=== Data provided ===

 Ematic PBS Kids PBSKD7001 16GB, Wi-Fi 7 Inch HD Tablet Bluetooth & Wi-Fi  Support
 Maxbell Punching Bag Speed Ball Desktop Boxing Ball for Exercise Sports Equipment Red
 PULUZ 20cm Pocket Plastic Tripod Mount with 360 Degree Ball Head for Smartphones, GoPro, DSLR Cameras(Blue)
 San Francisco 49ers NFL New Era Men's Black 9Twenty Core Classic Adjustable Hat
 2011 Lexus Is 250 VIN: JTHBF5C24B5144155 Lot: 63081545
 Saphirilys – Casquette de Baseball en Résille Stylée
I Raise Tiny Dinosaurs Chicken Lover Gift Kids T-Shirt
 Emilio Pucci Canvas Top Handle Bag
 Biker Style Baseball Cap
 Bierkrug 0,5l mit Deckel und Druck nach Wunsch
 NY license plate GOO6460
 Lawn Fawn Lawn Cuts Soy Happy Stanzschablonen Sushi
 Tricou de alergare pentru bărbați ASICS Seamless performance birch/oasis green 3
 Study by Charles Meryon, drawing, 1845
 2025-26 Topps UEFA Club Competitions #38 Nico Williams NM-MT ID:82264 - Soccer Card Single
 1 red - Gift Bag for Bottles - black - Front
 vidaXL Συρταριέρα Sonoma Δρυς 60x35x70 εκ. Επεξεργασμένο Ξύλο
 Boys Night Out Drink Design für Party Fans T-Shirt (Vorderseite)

===

Exercise directions: Every record should be given again exactly.

Solution to the problem:
 Ematic PBS Kids PBSKD7001 16GB, Wi-Fi 7 Inch HD Tablet Bluetooth & Wi-Fi  Support
 Maxbell Punching Bag Speed Ball Desktop Boxing Ball for Exercise Sports Equipment Red
 PULUZ 20cm Pocket Plastic Tripod Mount with 360 Degree Ball Head for Smartphones, GoPro, DSLR Cameras(Blue)
 San Francisco 49ers NFL New Era Men's Black 9Twenty Core Classic Adjustable Hat
 2011 Lexus Is 250 VIN: JTHBF5C24B5144155 Lot: 63081545
 Saphirilys – Casquette de Baseball en Résille Stylée
I Raise Tiny Dinosaurs Chicken Lover Gift Kids T-Shirt
 Emilio Pucci Canvas Top Handle Bag
 Biker Style Baseball Cap
 Bierkrug 0,5l mit Deckel und Druck nach Wunsch
 NY license plate GOO6460
 Lawn Fawn Lawn Cuts Soy Happy Stanzschablonen Sushi
 Tricou de alergare pentru bărbați ASICS Seamless performance birch/oasis green 3
 Study by Charles Meryon, drawing, 1845
 2025-26 Topps UEFA Club Competitions #38 Nico Williams NM-MT ID:82264 - Soccer Card Single
 1 red - Gift Bag for Bottles - black - Front
 vidaXL Συρταριέρα Sonoma Δρυς 60x35x70 εκ. Επεξεργασμένο Ξύλο
 Boys Night Out Drink Design für Party Fans T-Shirt (Vorderseite)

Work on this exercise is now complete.